PROVIDED ENTRIES:
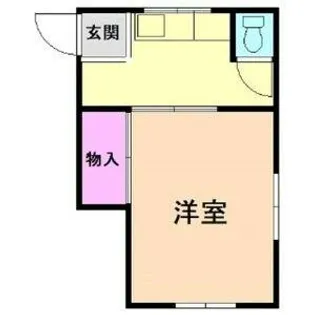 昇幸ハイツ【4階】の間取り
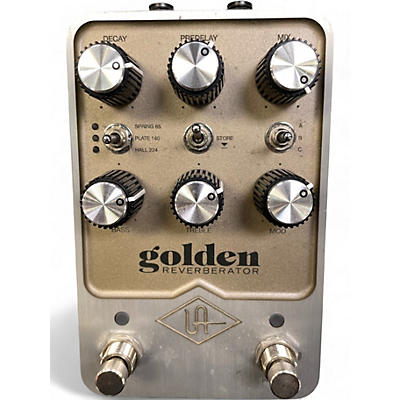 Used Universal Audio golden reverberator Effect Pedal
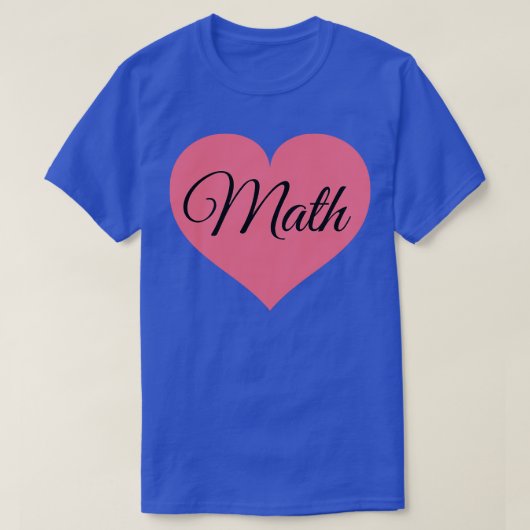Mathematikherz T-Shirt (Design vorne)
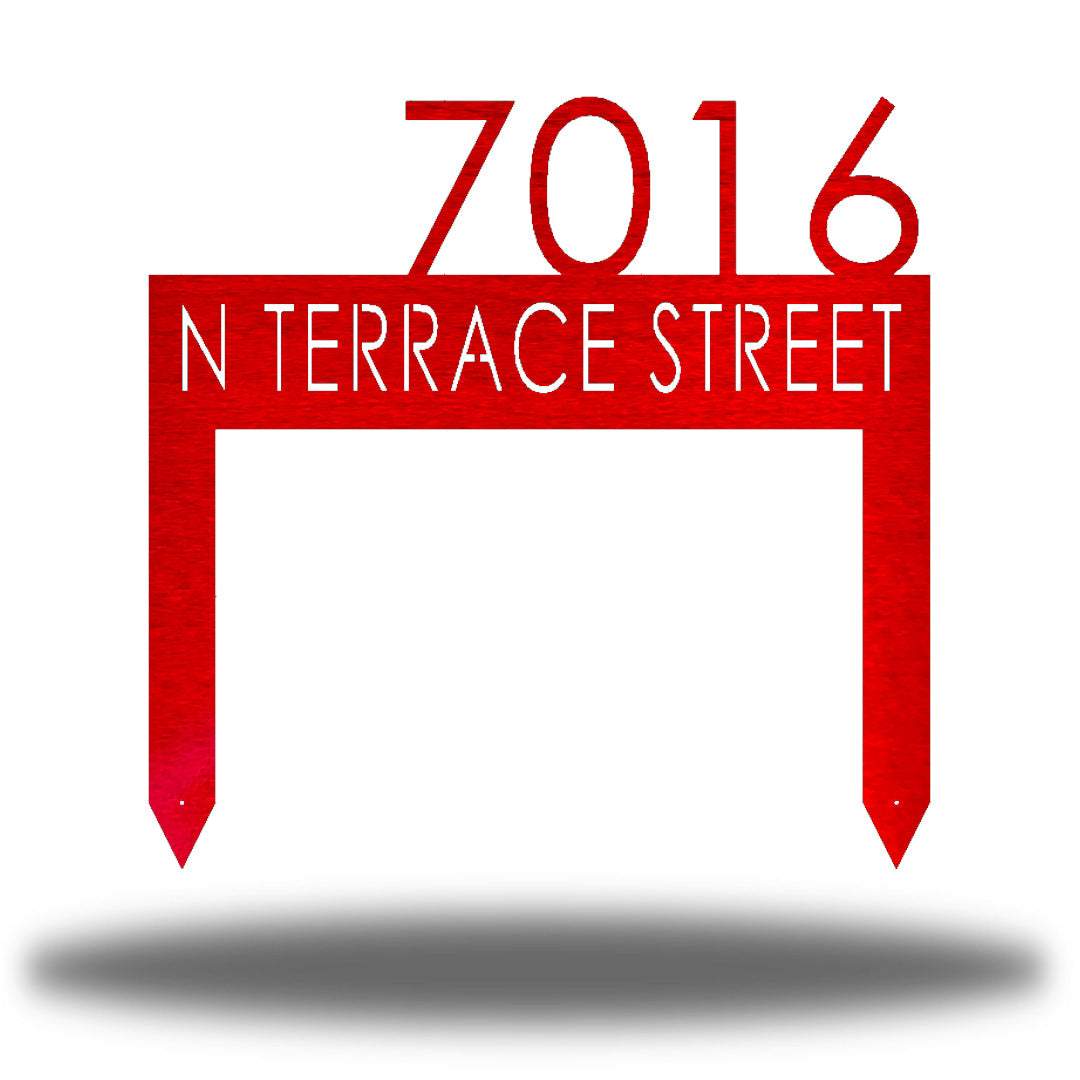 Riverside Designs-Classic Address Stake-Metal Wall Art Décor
---
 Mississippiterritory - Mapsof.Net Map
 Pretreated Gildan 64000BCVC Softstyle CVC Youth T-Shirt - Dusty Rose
...
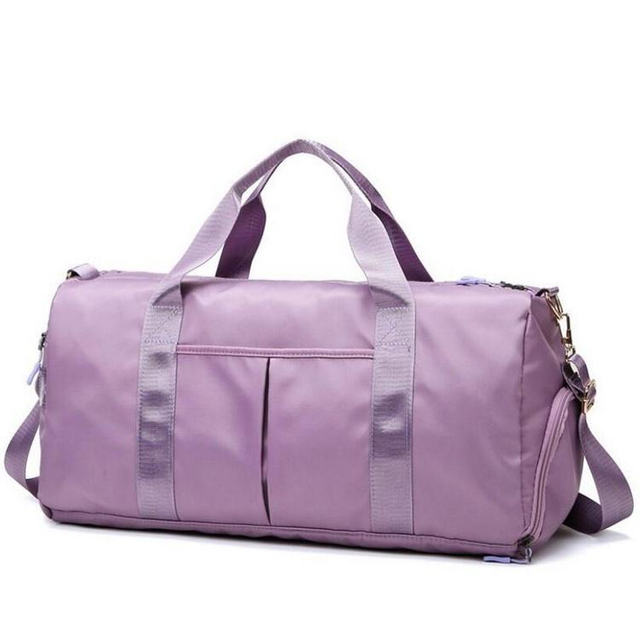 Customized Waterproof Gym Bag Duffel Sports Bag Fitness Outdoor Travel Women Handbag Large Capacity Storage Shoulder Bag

WORK ORDER: Your copy should hold the lines from the one with "昇幸ハイツ【4階】の間取り" up to and including the one with "Riverside Designs-Classic Address", exactly as in the data above, and no pictures.

SOLUTION TO THIS TASK:
 昇幸ハイツ【4階】の間取り
 Used Universal Audio golden reverberator Effect Pedal
Mathematikherz T-Shirt (Design vorne)
 Riverside Designs-Classic Address Stake-Metal Wall Art Décor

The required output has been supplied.